• **Entries supplied**
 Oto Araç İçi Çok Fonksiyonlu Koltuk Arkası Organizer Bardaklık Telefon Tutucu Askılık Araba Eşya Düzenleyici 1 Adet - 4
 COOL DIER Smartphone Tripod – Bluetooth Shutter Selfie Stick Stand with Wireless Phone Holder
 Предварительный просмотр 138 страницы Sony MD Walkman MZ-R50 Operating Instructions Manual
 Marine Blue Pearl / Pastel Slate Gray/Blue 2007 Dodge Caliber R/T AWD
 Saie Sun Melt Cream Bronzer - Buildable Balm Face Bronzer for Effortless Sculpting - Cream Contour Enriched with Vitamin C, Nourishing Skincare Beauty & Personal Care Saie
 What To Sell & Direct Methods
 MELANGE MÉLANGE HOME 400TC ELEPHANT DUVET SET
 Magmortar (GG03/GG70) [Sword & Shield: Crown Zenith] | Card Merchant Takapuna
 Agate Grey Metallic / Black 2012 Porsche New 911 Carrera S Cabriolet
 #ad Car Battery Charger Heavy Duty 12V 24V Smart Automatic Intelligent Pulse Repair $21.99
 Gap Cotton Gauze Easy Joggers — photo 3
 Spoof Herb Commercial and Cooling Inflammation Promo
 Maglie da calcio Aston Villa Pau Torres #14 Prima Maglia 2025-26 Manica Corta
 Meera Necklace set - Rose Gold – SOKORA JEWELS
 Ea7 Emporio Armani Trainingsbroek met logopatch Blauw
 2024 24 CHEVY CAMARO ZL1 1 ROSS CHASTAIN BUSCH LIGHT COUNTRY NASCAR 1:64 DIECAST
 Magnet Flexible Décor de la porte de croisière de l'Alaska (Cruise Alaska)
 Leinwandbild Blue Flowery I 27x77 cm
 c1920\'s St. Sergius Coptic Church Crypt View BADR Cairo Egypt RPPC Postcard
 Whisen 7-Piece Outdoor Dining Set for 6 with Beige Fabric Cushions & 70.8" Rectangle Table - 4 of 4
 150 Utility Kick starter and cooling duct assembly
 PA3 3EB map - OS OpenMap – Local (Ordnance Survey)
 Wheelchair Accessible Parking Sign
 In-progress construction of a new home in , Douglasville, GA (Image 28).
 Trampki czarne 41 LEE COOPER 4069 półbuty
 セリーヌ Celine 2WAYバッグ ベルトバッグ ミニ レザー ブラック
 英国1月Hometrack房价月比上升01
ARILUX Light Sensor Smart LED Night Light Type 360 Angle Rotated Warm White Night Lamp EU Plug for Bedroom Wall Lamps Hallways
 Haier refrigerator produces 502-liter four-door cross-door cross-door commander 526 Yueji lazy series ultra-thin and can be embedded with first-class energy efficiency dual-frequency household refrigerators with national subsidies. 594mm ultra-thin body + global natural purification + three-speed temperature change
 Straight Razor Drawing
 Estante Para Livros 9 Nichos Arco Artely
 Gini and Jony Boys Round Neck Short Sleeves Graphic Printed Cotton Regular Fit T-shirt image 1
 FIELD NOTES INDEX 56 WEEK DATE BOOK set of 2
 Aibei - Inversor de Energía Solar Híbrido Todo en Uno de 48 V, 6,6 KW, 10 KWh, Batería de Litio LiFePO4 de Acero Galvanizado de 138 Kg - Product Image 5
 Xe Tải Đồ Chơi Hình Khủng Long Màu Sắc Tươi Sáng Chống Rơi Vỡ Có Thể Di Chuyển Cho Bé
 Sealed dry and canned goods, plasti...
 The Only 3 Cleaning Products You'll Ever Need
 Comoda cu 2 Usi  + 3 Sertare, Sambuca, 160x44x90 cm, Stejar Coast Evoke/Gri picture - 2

• **Task statement**
An exact copy of the line containing "Estante Para Livros 9 Nichos Arco Artely" and all lines after it, through the last line of the entries, is the required answer.

• **Response for this exercise**
 Estante Para Livros 9 Nichos Arco Artely
 Gini and Jony Boys Round Neck Short Sleeves Graphic Printed Cotton Regular Fit T-shirt image 1
 FIELD NOTES INDEX 56 WEEK DATE BOOK set of 2
 Aibei - Inversor de Energía Solar Híbrido Todo en Uno de 48 V, 6,6 KW, 10 KWh, Batería de Litio LiFePO4 de Acero Galvanizado de 138 Kg - Product Image 5
 Xe Tải Đồ Chơi Hình Khủng Long Màu Sắc Tươi Sáng Chống Rơi Vỡ Có Thể Di Chuyển Cho Bé
 Sealed dry and canned goods, plasti...
 The Only 3 Cleaning Products You'll Ever Need
 Comoda cu 2 Usi  + 3 Sertare, Sambuca, 160x44x90 cm, Stejar Coast Evoke/Gri picture - 2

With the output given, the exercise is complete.